Gettysburg Address and chunks of time

As a 9-10 year old child in early 1960’s England, I did math* problems calculating in scores.
We converted units of all types: how many pence equal to X shillings , how many pounds in X tons, etc.
We learned about gross (12 dozen), scores, bushels , pints, gills (= a portion of a pint, but damned if I remember how much :slight_smile: ) , etc.

I think some prices in the shops were still based on scores.

(* yes, I know, it should have said maths . But I didn’t. Yanks rule. :slight_smile: )

Gills were (are) a measure of whisky equal to a sixth of a pint. In England, you would get a sixth of a gill in your glass, but the Scots got a quarter. I believe they are all metric these days. As a teenager in the 60s, I can’t recall shops selling stuff by the score but I would have used different shops.

At school in the 50s, we did learn about all those archaic measures, but the only one of interest was the ‘chain’ - the length of a wicket. I can still remember that there are 1760 yards in a mile, 5240 pounds in a ton, 112 pounds in a cwt etc.

In general ‘score’ can be handy when you want a number more than a dozen but less than a hundred. *“I’ve told you scores of times.”
*

I am always fascinated with old units. What kind of ton contains 5240 lbs? Or alternatively, what pound is 1/5240 of a ton?
BTW, this thread re-aquainted me with a gill. I had forgotten about that unit. :slight_smile:

Thanks

Other than that, how was your visit to Gettysburg, Mrs. Lincoln?

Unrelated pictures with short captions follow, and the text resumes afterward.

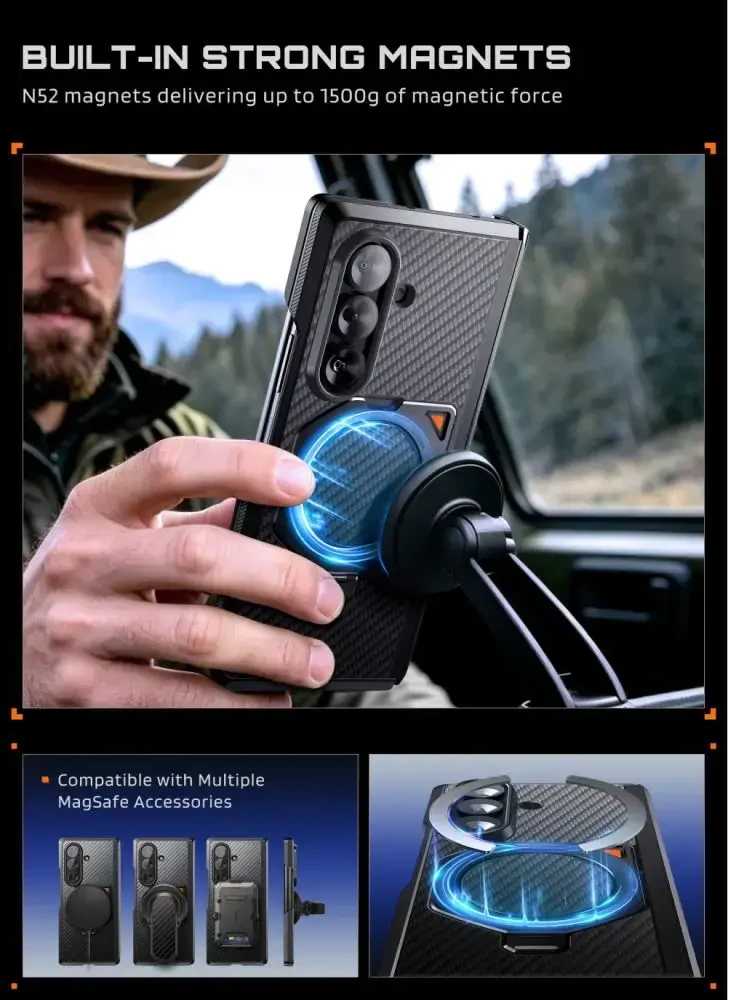 Dėklas SUPCASE UB AERO MAGSAFE 2-SET GALAXY Z FOLD 8 ULTRA ARAMID Juodas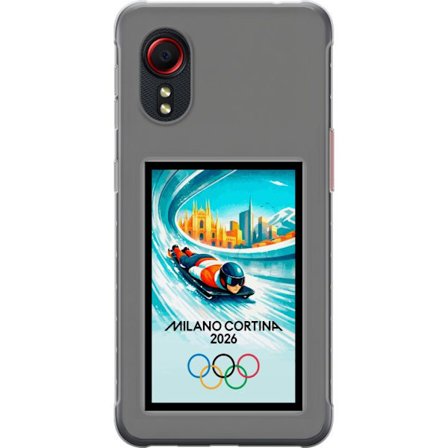 Kompatibelt Mobildeksel til Samsung Galaxy Xcover 5 Dynamisk bobslede eller skeletonkjører i iskanal med Milano Cortina 2026, bysilhuett og olympiske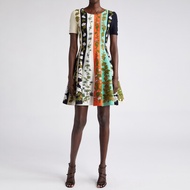 0SCAR BOTANICAL STRIPE DRESS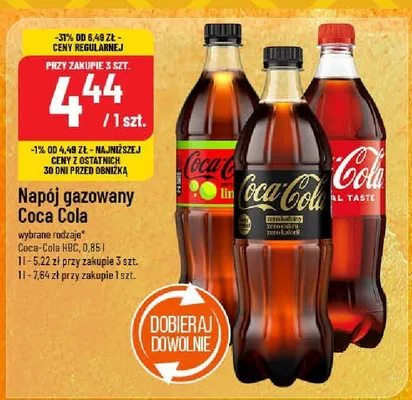 Napój gazowany różne rodzaje promocja w POLOmarket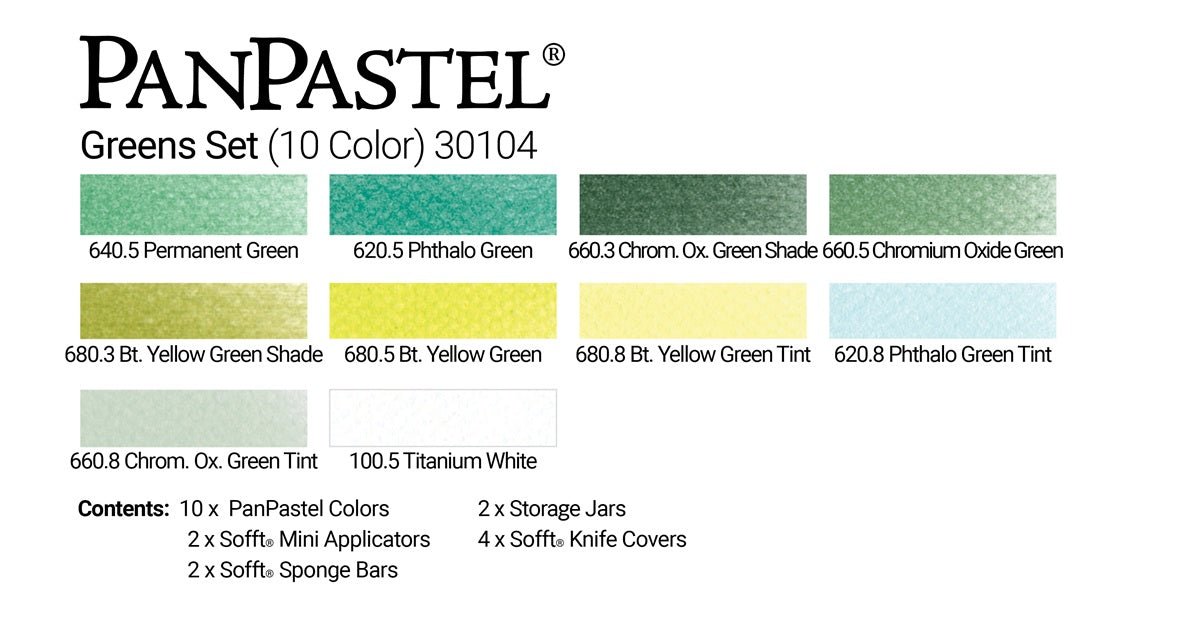 PanPastel Set - 10 Color Set - Greens - The Merri Artist - merriartist.com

I suspect it’s a typo, supposed to be 2240 pounds.

Mary Lincoln didn’t go to the Gettysburg ceremony. Their son was sick and probably wouldn’t have gone anyway.

If you’re going to make a joke, get the facts right. :wink:

Didn’t I just read this today in the Washington Post?

Apparently one reason for the short speech was Lincoln being sick, probably with smallpox:

http://www.doctorzebra.com/prez/g16.htm#i3400

On the train to Gettysburg Lincoln began to tell his staff that he was feeling weak, but he finished editing his address and continued on to Gettysburg. When the arrived Lincoln rode to the cemetery on horseback and viewed the area and plans. When the program began Lincoln sat on the platform for over two hours while classical scholar Edward Everett spoke and during a short musical piece. Lincoln was feeling weaker all the while and observers called his color ‘ghastly’. When the President finally got up, he stunned the crowd with his short address; most were caught so unawares that they missed it. Lincoln judged the crowds silence as disappointment and left Gettysburg himself disappointed. On the train back to Washington Lincoln grew feverish and weaker still. His valet William Johnson sat up with the President wiping his face with a wet cloth to cool him.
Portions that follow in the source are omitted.